Although Turkish Lira Looks Intimidating Before TCB Policy Meeting, Further Drop Past 15.50 to USD Looks Unlikely
December 13, 2021
We wrote repeatedly about the recent demise of the Turkish lira, caused by Turkey’s Central Bank’s non-conventional monetary policy. Since there was no turnaround in that policy, ever since the dire situation is only getting worse. Today Turkey’s lira tumbled past 14 to the dollar for the first time, leaving the country’s central bank in front of a hard dilemma on whether to keep cutting interest rates this week despite rising inflation. The decline was exacerbated after S&P Global Ratings slashed the outlook on the nation’s sovereign credit rating to negative last Friday, citing risks from the “extreme currency volatility.”
As of today, The lira traded 4.1% lower at 14.24 by 13:15 p.m.

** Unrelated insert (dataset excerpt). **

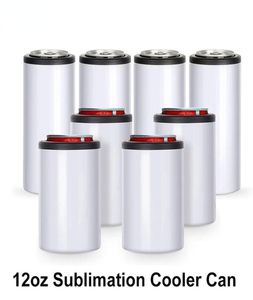 Personalizado 12 oz Universal 4 en 1 Cerveza delgada Doble pared Acero inoxidable Con aislamiento al vacío Sublimación Enfriador en blanco Lata sxa257000662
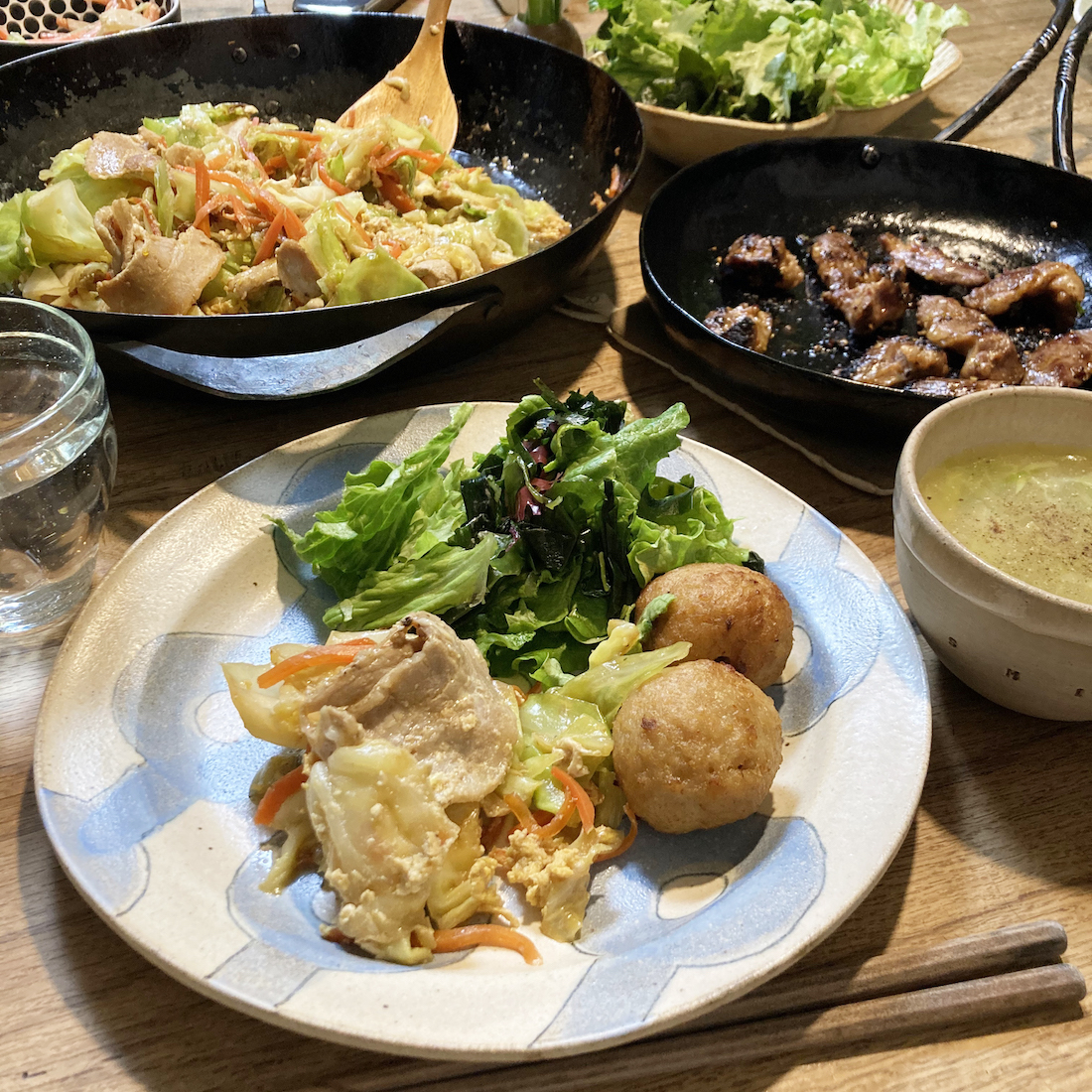 豚とたまごの野菜炒め＆ハラミ焼き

CET. The yield on Turkey’s 10-year government bonds soared by 31 basis points to a three-year high at 21.69%. The lira has slumped 48% against the dollar this year and is the worst-performing currency in emerging markets. The central bank announced its fourth market intervention in two weeks, selling dollars from its reserves to the open market.
Although, as we mentioned, the initial trigger for the slump was the sovereign debt outlook downgrade, the risk of further rate cuts later this week makes the whole picture even grimmer as Turkey’s Treasury & Finance Minister Nureddin Nebati told Haberturk newspaper on Sunday that the government remains firm not to raise rates.
The central bank, which has slashed the one-week repo rate by 400 basis points since September to fulfill demands from President Recep Tayyip Erdogan for lower borrowing costs to boost growth, is expected to cut it by an additional 100 basis points to 14% this week during the scheduled Turkish Central Bank’s BoD meeting. The central bank has already cut its policy rate by 400 basis points to 15% since September.
Technically speaking, Turkish lira is in freefall against the USD, but the currencies pair chart shows it has been plateauing lately, so at this point, even though a majority of polled analysts expect no material change to TCB’s stance in terms of its monetary policy direction, the effect of bearish bid saturation may be limiting further lira’s drop by 15–15.5 to USD.